Busso, age 31, and Alfa friend at Lago di Orta 1944.
Busso lept at the chance and stayed at Ferrari as Technical Director until 1948 while he specifically stood for the development of the supercharged 1500cc Grand Prix engine, and he also did the four-cam model with two-stage supercharging. But it never really worked, they couldn’t transfer the knowhow from the Alfa 158; the devil is in the detail, as they say. It never got the same horsepower output and it continuously blew up.
During that period, as we know, Aurelio Lampredi convinced Enzo Ferrari that a bigger 4.5-liter naturally aspirated engine was much better. It is obvious that Busso was genuinely irritated by the fact that the Ferrari 1.5-liter supercharging never really worked. He couldn’t cope with the bullshit and he hated Aurelio Lampredi. It is also interesting to read Colombo’s memoirs where he talks about Busso in kind words - it was actually he who suggested that Busso took over his position at Ferrari. But neither Busso nor certainly not Lampredi thought much of Gioachino Colombo; all because he was a much more hands-on technician and always seemed to do his development in a very casual way. Busso hated that.
A proud Technical Director with the supercharged Ferrari racer.
Back at Alfa Romeo in 1948 (age 35) Giuseppe Busso immediately felt much better. And although he had given Scuderia Ferrari their first GP victories it is evident that it annoyed him that the story was that he had ruined Colombo’s V12 and that Lampredi had saved the glory with the big block 375. Gioachino Colombo didn’t seem to mind; he returned to Ferrari and started expanding the small block 125 to eventually the fabulous 250-series, positively ignoring the arrogant Lampredi. It should be said that Busso had done the first increases and had made a 159 and 166 (2-liter) which Colombo brilliantly utilized for Formula 2 and sports car racing.
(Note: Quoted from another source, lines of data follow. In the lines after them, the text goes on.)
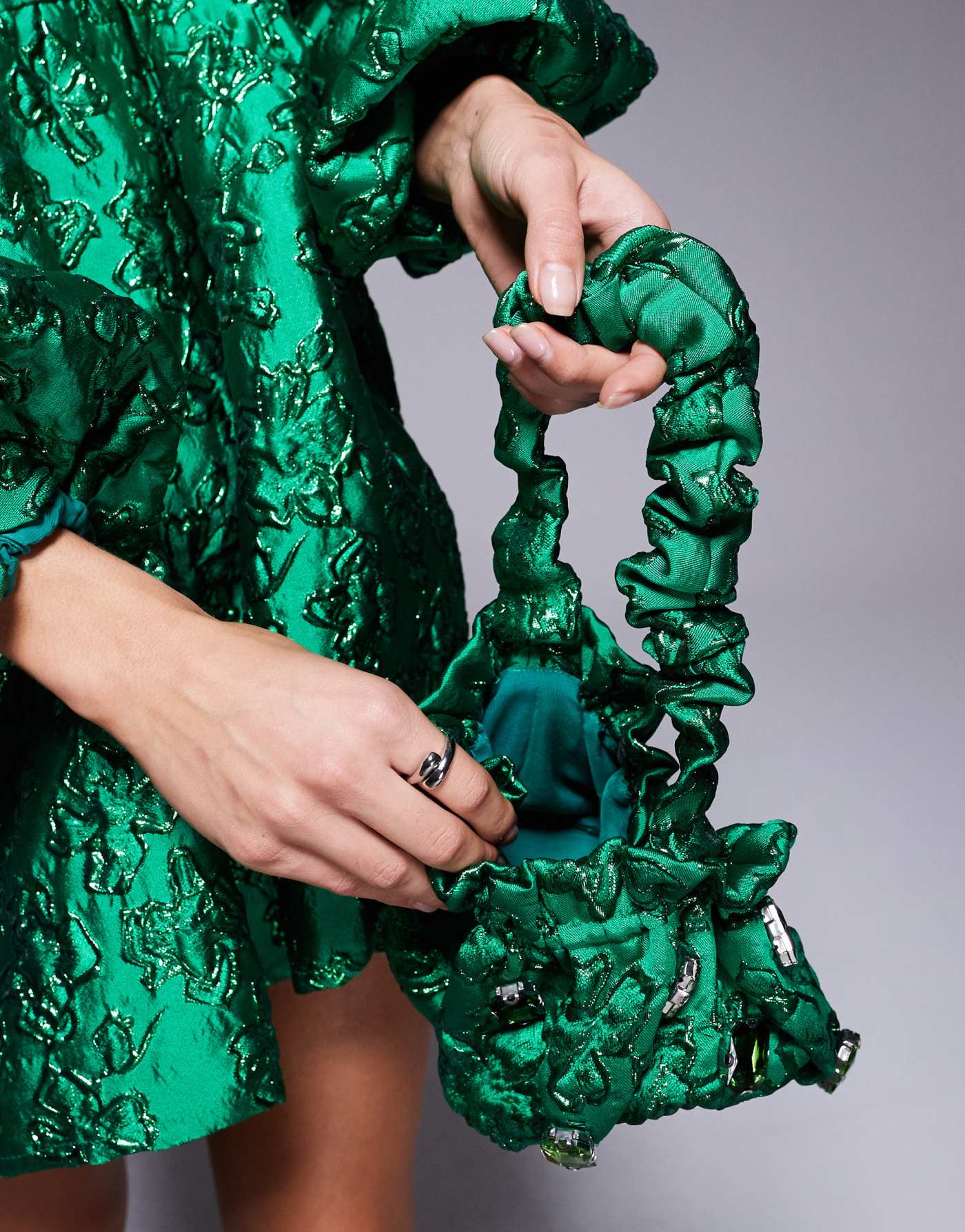 Dream Sister Jane jacquard grab bag co-ord in jewel green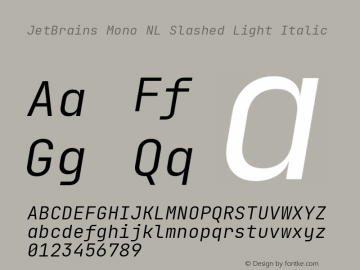 JetBrains Mono NL Slashed Light Italic Version 2.225; ttfautohint (v1.8.3); featfreeze: zero Font Sample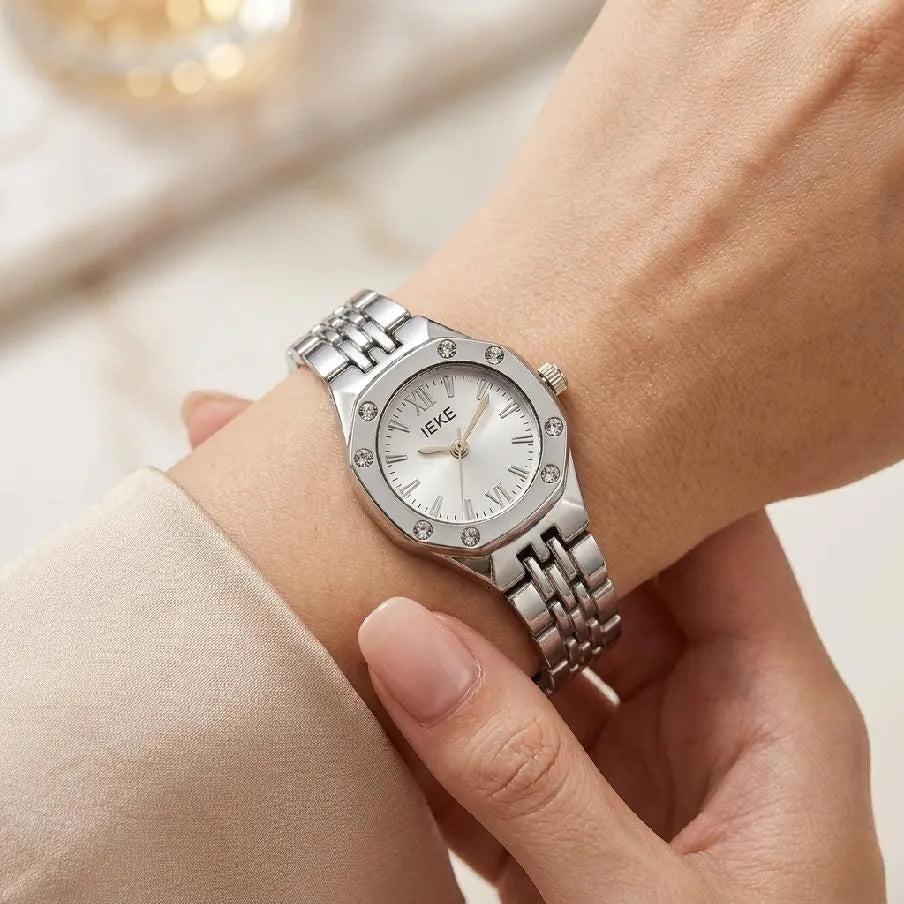 IKEA Stainless Steel Octagonal Watch with Crystal Studded Dial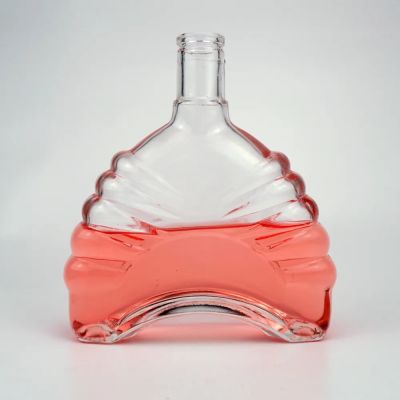 Creative 750ml Unique Design Arch Shape Clear Glass Wine Bottle Whiskey Xo Brandy Bottle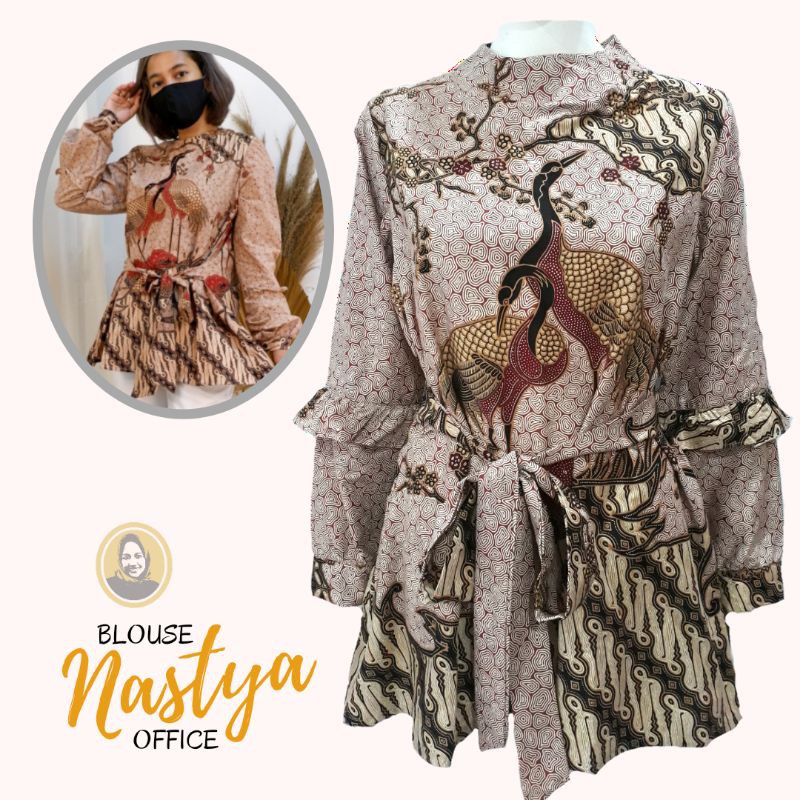 COD - BLOUSE BATIK NASTYA DENGAN SABUK PISAH / Atasan Batik Wanita Modern / Batik Wanita Kerja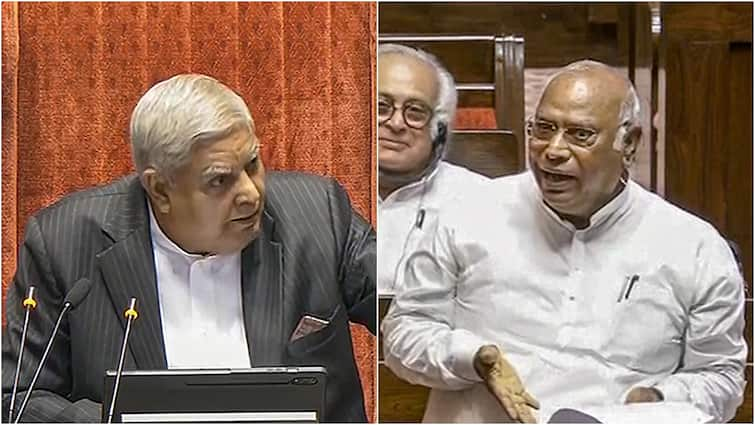 Parliament Session 2024 Rajya Sabha Chairman Dhankhar LoP Mallikarjun Kharge Enters Well Of House Congress 'Pained’: RS Chairman Dhankhar Claims A First As LoP Kharge Enters Well Of House, Congress Dismisses Remark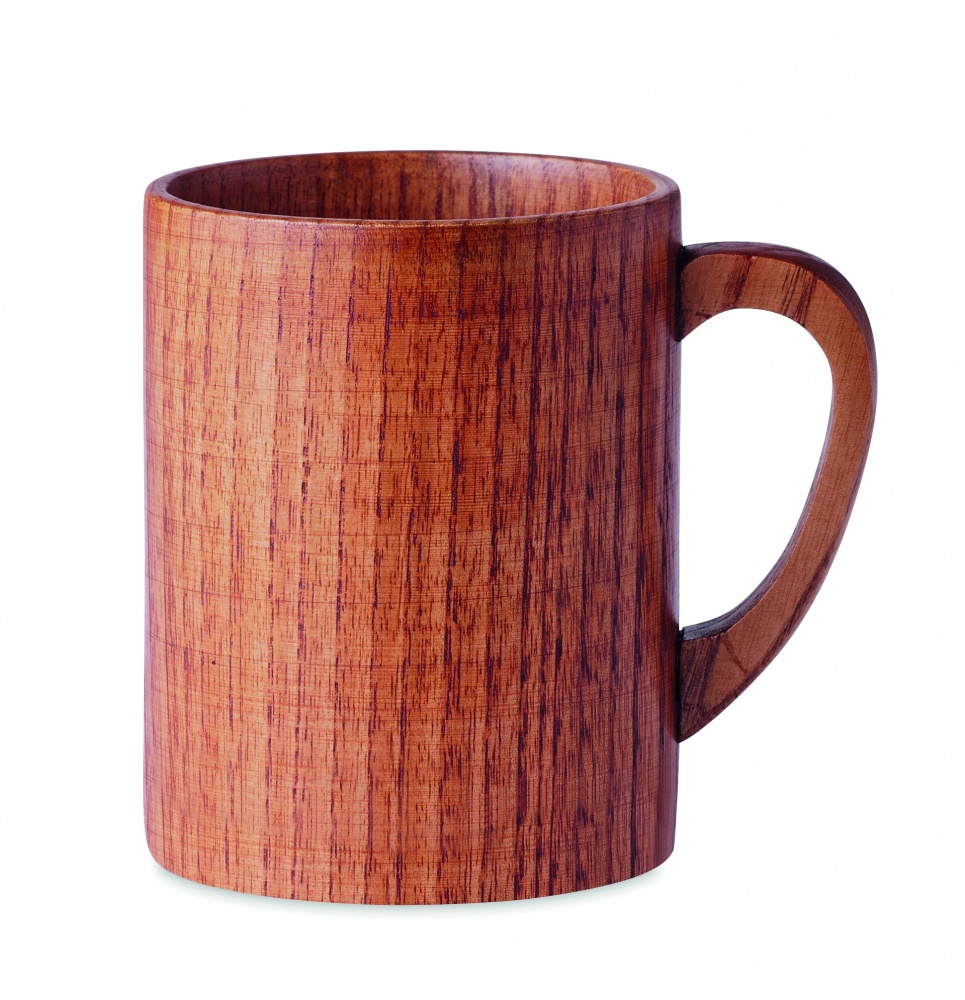 Logo trade business gift photo of: Oak wooden mug 280 ml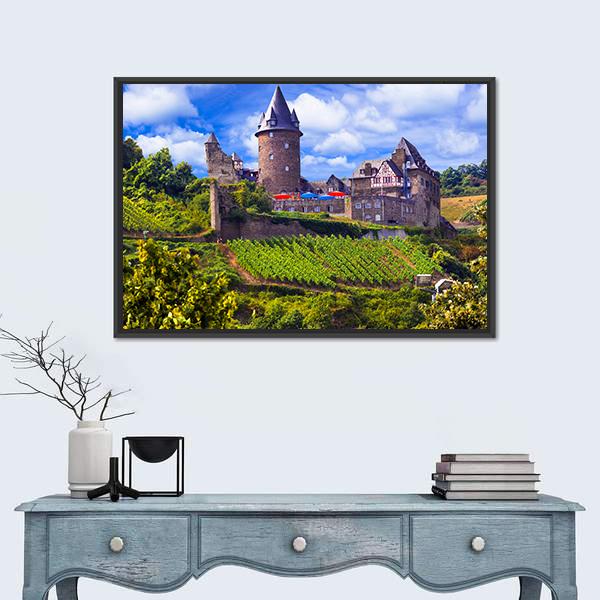 View Of Old Castle And Vineyards Canvas Wall Art-1 Piece-Floating Frame-24" x 16"-Tiaracle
The Portello downtown Milano 1958.
At Alfa Romeo in Milano Ingenere Busso soon was in charge of all engine, driveline and suspension design and was in fact Orazio Satta Puliga’s right hand until he took over that job when the Alfetta was developed. It was also in the early 1970s he designed the famous Busso V6, but he retired in 1977, two years before the Alfa Romeo Sei came out with the engine. He died in 2006 a few days after the last V6 ran off the assembly line at Arese.
Alfa Romeo Giulietta SV 1290cc sports engine: G. Busso.